Phil Oliver:

But the real problem is not an absence of good will in search of demonstrable objectivity, by conscientious religionists, humanists, naturalists, theists, and atheists. They can search all they want without finding that.

No, the real problem is a failure of empathy and an appreciation for the subjectivity of those who experience the world differently. It’s James’s perennial blindness in human beings who insist on treating the spectrum of belief and nonbelief as a catalogue of others’ errors… except, of course, for one’s own privileged experiences and inerrant beliefs.

Spirituality. The word itself heralds a creeping rhetorical fog that permeates everything it touches, doesn’t it? I mean, what exactly does one have to do to display empathy and appreciation? Isn’t it a fool’s game to allow other people to sit in judgment of whether you’re being demonstratively warm and openminded enough? How quietly must one sit, how long must one listen, and how carefully does one have to couch objections in the softest language possible before they’re allowed to simply say, “I’m sorry, but there’s no reason to think that’s true,” with the nonnegotiable implication being that we should all care about what’s true?

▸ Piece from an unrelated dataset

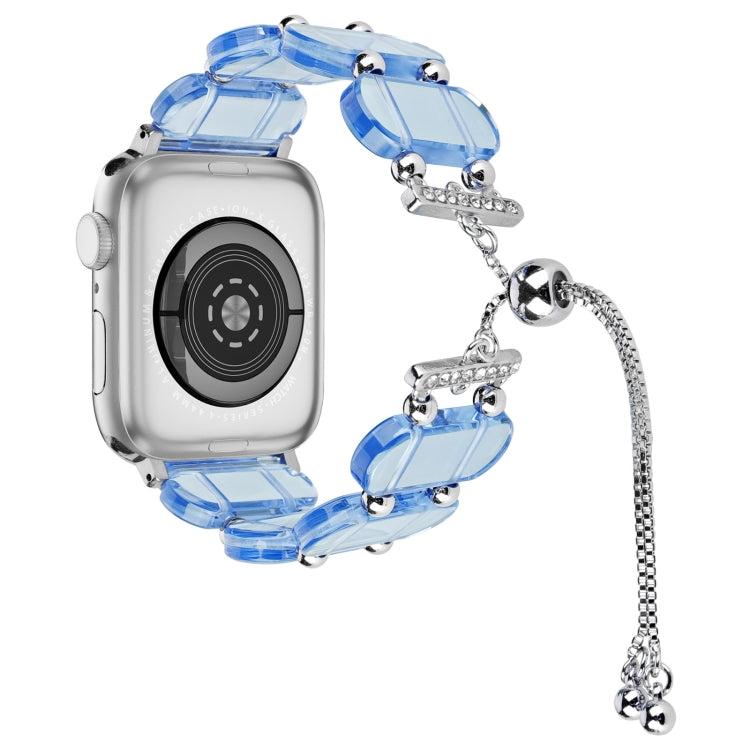 For Apple Watch Series 4 44mm Resin Retractable Chain Watch Band(Blue) - Watch Bands by PMC TechLife | Online Shopping South Africa | PMC TechLife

There are many, many areas of human experience where I’m thrilled to discover people who think and feel differently than me because of the chance to broaden my own horizons, art being perhaps the most obvious. And even when it comes to the big questions, I still understand the natural human tendency to want to fit experience into a self-flattering narrative, to find external meaning and purpose to their lives. But it doesn’t mean I want to coo soothingly and nod along as they tell me about the divine message behind a happenstance occurrence, or their conviction that cows communicate psychically if you know how to listen. People who are insecure about believing silly shit are always going to think anything less than wholehearted assent is being unfair.